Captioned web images
* * *

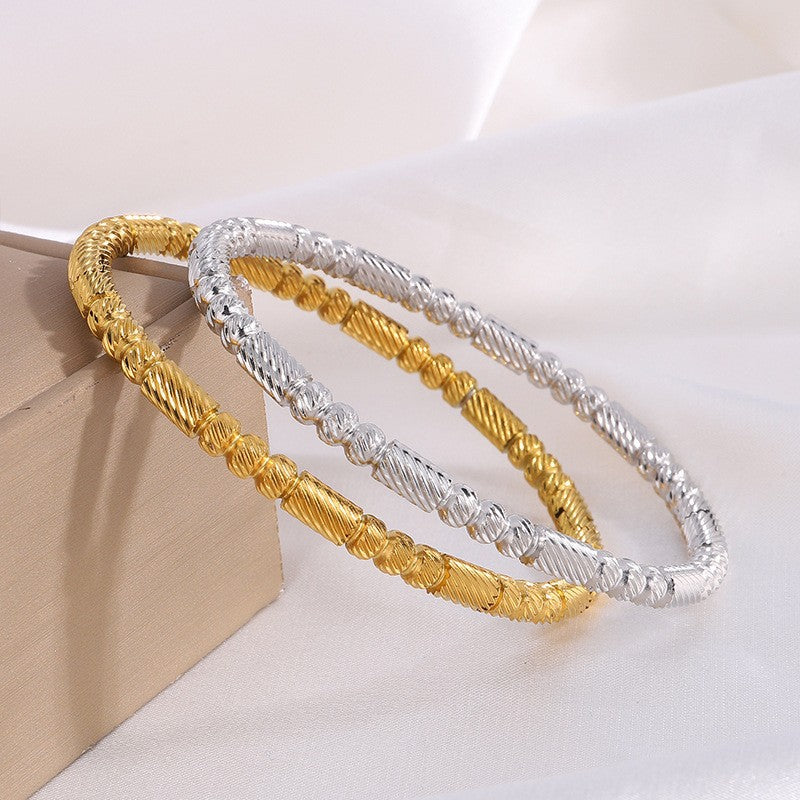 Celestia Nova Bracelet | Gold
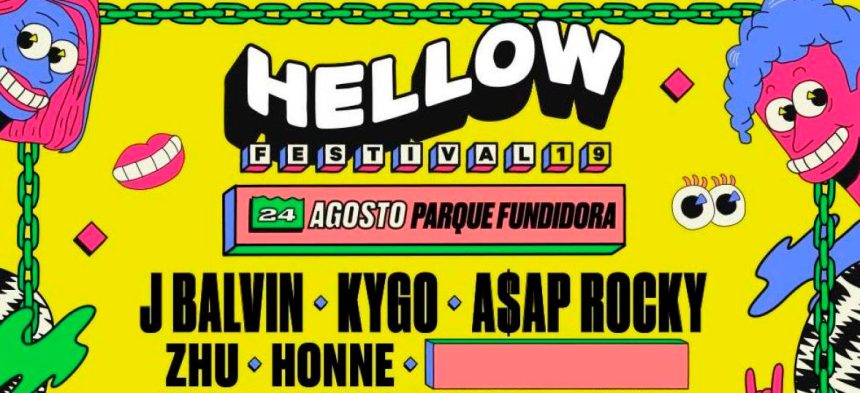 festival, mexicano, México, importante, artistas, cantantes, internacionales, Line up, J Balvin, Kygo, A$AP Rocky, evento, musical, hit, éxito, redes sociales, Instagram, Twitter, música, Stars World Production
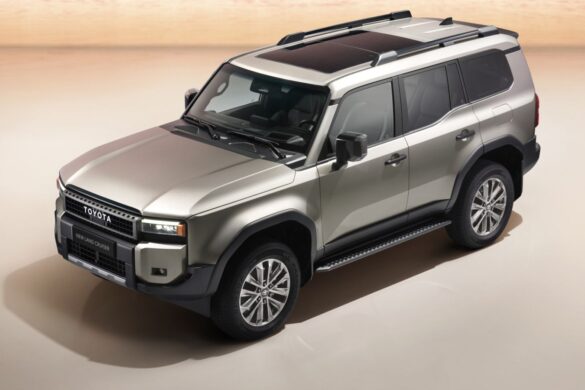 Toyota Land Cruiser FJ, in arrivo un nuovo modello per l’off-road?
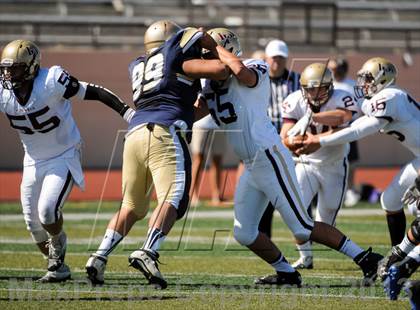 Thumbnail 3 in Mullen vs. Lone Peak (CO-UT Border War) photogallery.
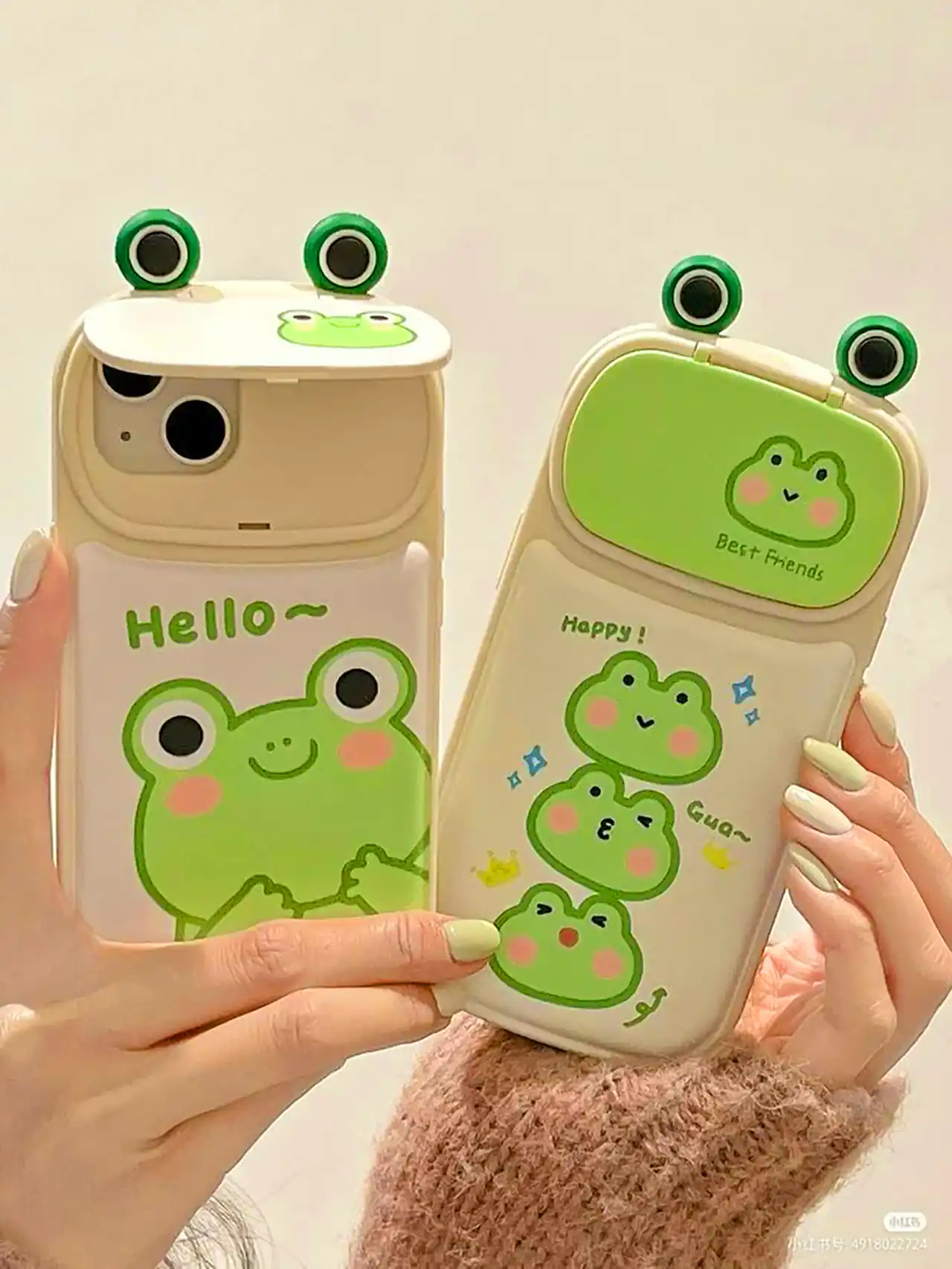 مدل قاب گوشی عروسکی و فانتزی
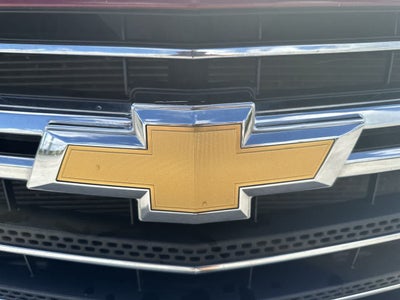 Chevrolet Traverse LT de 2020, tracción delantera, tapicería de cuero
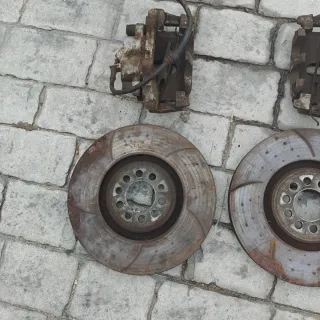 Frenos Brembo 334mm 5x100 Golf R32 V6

* * *

• **PROBLEM REQUIREMENTS**: Every record above should be set down exactly, with the pictures left out.

• **ANSWER SPACE**:
 Celestia Nova Bracelet | Gold
 festival, mexicano, México, importante, artistas, cantantes, internacionales, Line up, J Balvin, Kygo, A$AP Rocky, evento, musical, hit, éxito, redes sociales, Instagram, Twitter, música, Stars World Production
 Toyota Land Cruiser FJ, in arrivo un nuovo modello per l’off-road?
 Thumbnail 3 in Mullen vs. Lone Peak (CO-UT Border War) photogallery.
 مدل قاب گوشی عروسکی و فانتزی
 Chevrolet Traverse LT de 2020, tracción delantera, tapicería de cuero
 Frenos Brembo 334mm 5x100 Golf R32 V6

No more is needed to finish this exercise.